* The data
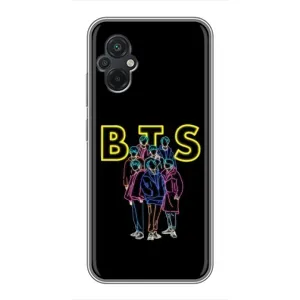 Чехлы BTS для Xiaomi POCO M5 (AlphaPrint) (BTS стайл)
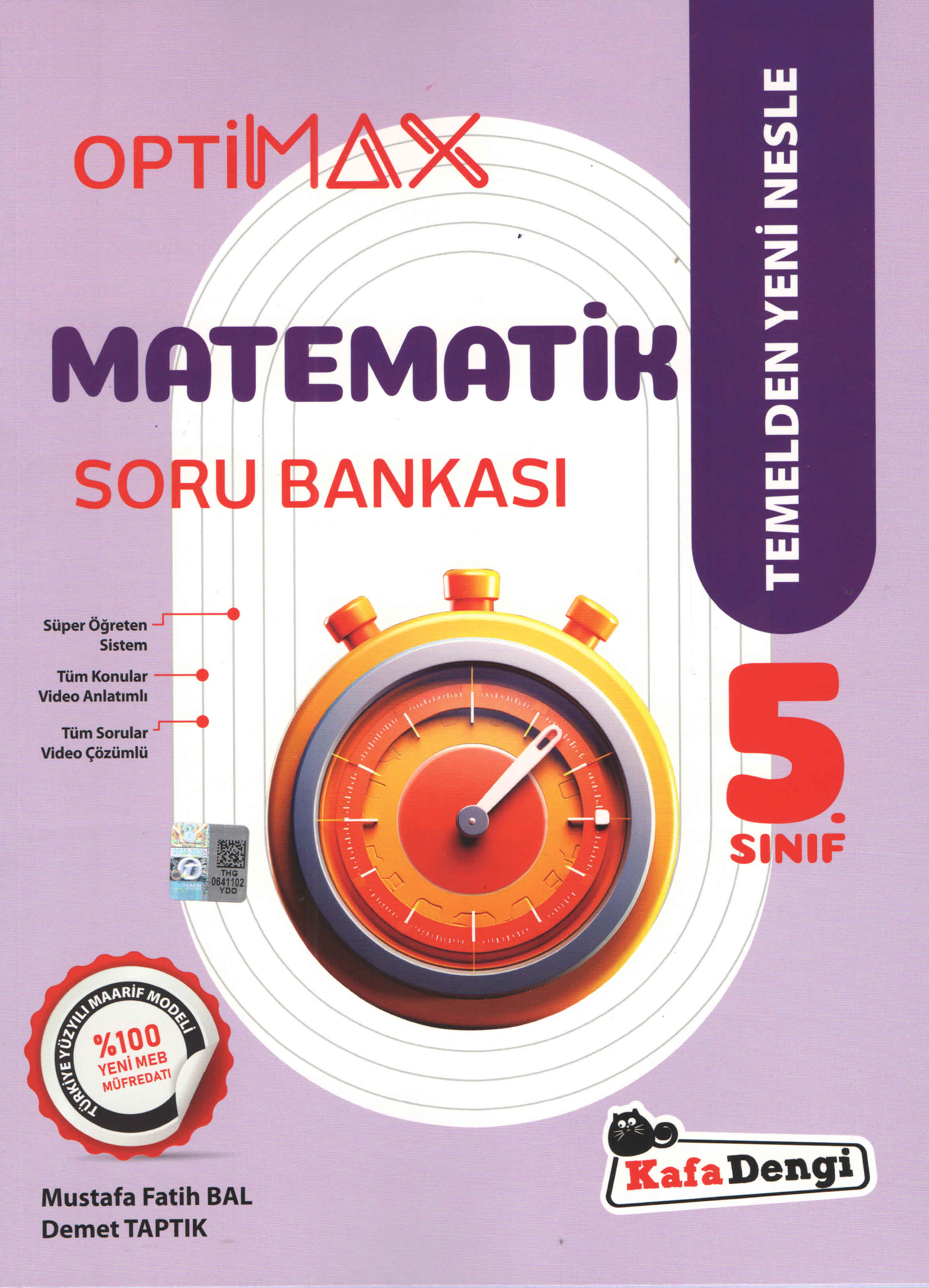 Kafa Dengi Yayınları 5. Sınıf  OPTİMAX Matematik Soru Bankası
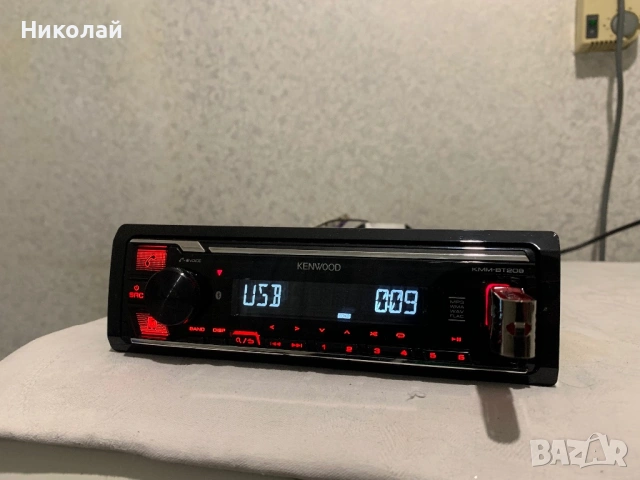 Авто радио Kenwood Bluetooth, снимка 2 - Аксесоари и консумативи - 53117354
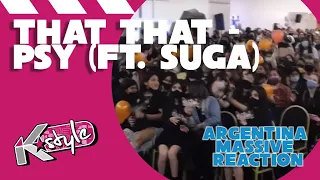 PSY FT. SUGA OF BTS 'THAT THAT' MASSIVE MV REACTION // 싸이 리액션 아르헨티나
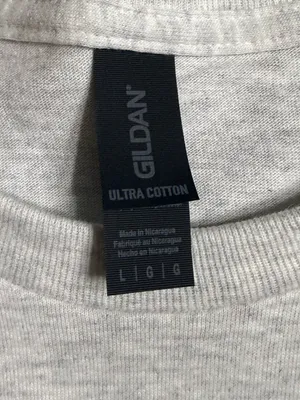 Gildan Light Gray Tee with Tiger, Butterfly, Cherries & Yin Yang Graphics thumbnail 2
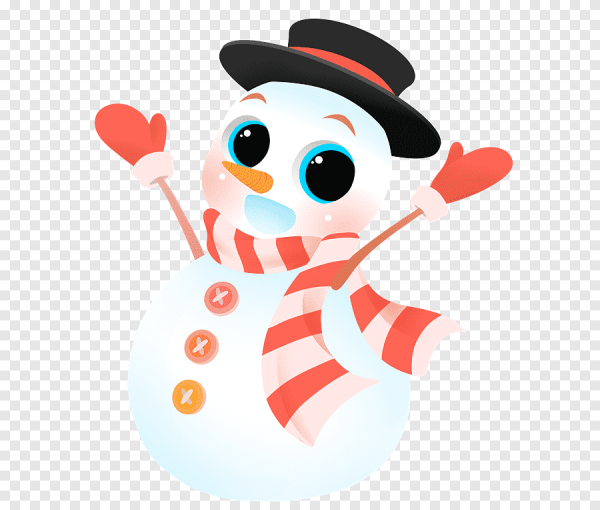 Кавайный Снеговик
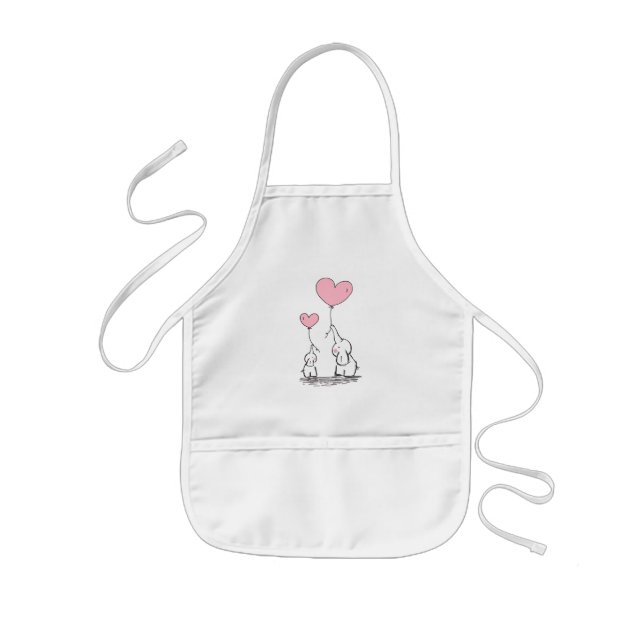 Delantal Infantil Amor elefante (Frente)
--
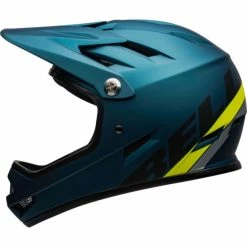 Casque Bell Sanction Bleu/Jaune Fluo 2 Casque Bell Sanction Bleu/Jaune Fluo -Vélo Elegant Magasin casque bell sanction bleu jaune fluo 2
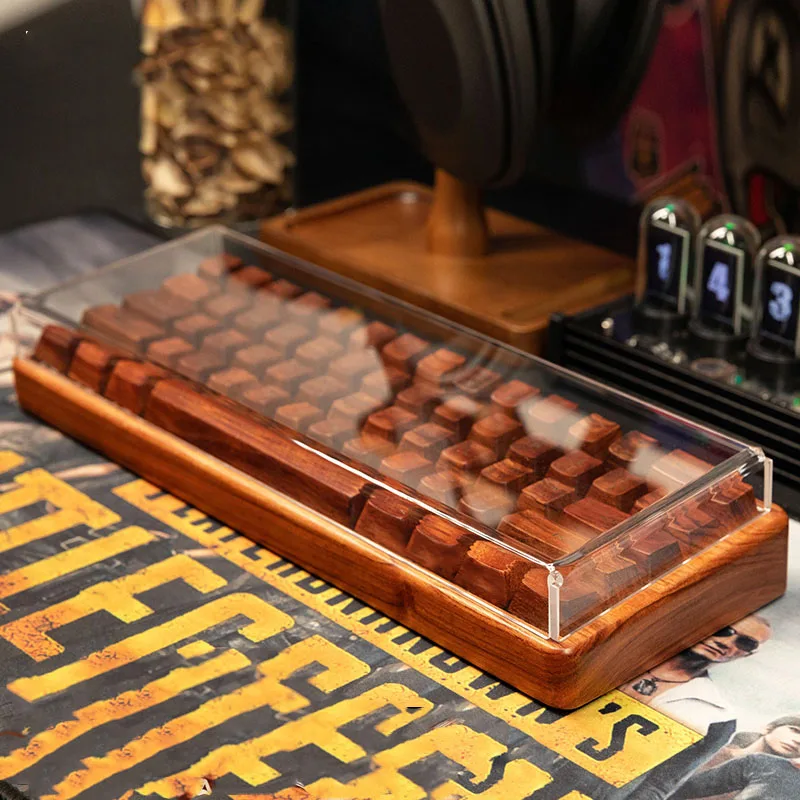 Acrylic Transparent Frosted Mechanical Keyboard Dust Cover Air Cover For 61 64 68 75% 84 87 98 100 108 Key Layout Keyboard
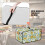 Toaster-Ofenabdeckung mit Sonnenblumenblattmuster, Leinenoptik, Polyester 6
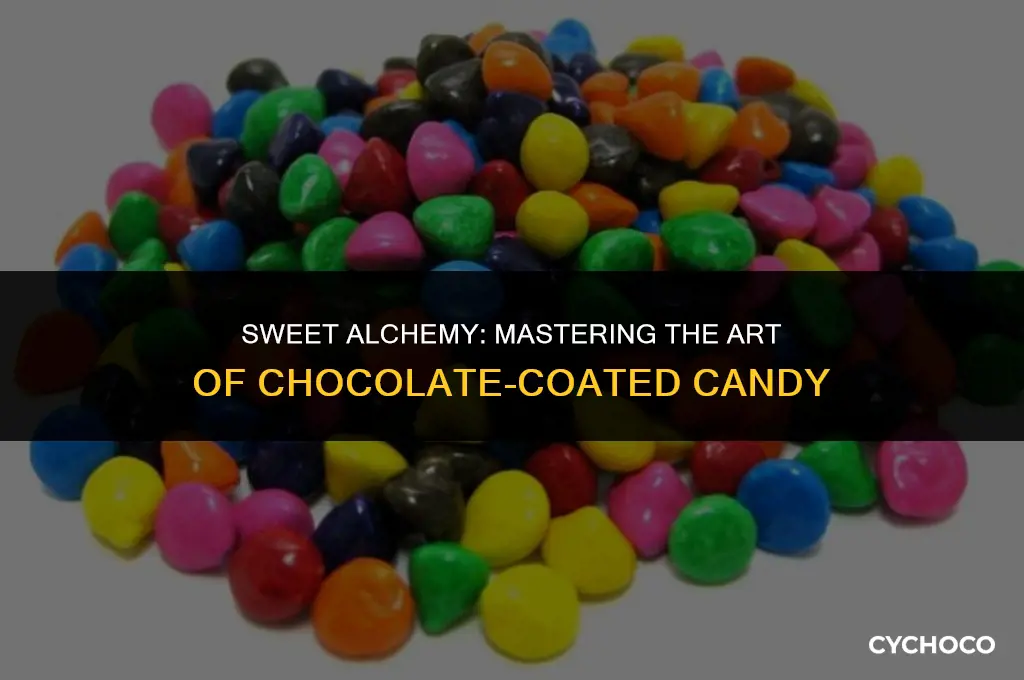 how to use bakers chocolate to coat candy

* Problem to work on
Reproduce the data above exactly, but only from the line containing "Чехлы BTS для" through the line containing "Gildan Light Gray"; skip the pictures.

* Task result
 Чехлы BTS для Xiaomi POCO M5 (AlphaPrint) (BTS стайл)
 Kafa Dengi Yayınları 5. Sınıf  OPTİMAX Matematik Soru Bankası
 Авто радио Kenwood Bluetooth, снимка 2 - Аксесоари и консумативи - 53117354
 PSY FT. SUGA OF BTS 'THAT THAT' MASSIVE MV REACTION // 싸이 리액션 아르헨티나
 Gildan Light Gray Tee with Tiger, Butterfly, Cherries & Yin Yang Graphics thumbnail 2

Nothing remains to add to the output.